Tod Robinson Caldwell (February 19, 1818July 11, 1874) was an American lawyer and the 41st governor of the U.S. state of North Carolina from 1871 until his death in Hillsborough in North Carolina in 1874. He was a son of John Caldwell (1779–1857) and Hannah Pickett Robinson (1794–1875).

He was born in Morganton, Burke County, North Carolina where he had a home for most of his life. Caldwell attended the University of North Carolina at Chapel Hill, graduating on June 4, 1840.  He was a member of the Dialectic Society. He was examined by the Supreme Court and admitted to Superior Court Practice (much like passing a bar examination) in June 1841, becoming solicitor for Burke County.  In 1842 he was elected a member of the North Carolina House of Commons in which he served two sessions.  In 1850 he represented Burke County in the state senate.  After the close of the Civil War he was a member of the Reconstruction Convention, and President of Western North Carolina Railroad.

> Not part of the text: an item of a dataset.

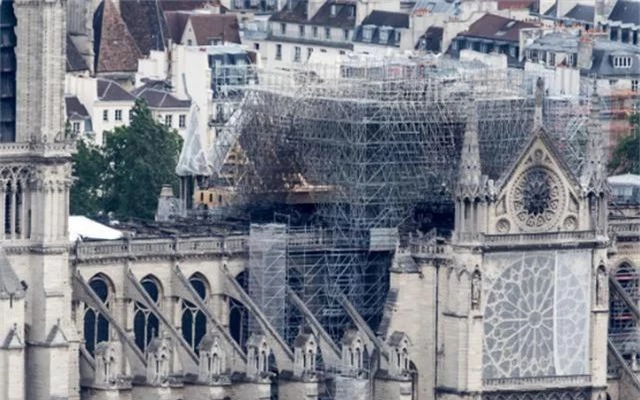 Tình tiết mới về nguyên nhân cháy Nhà thờ Đức Bà Paris - 2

Caldwell was elected the first lieutenant governor of North Carolina in 1868, the same year the state constitution had created the office. He became governor in 1871 upon the impeachment and conviction of Governor William Woods Holden.  Caldwell was elected governor in his own right in 1872, by about two thousand majority, becoming the second Republican elected governor of North Carolina. His areas of interest were the state debt and the state finances and the opening of the public schools which had been closed in 1863 due to lack of money. He appointed Alexander McIver as Superintendent of Public Instruction and got a bill passed allowing private aid for public schools in order to gain funds to reopen the schools.

Caldwell married Minerva Ruffin Cain on December 12, 1840. Tod and Minerva had at least four children:  Mary Ruffin Caldwell, wife of Dr. Waighstill Collett; John "Jack" Caldwell, killed at Gettysburg; Martha R. Caldwell, wife of Edward W. Ward; and Hannah J. Caldwell, wife of Walter Brem.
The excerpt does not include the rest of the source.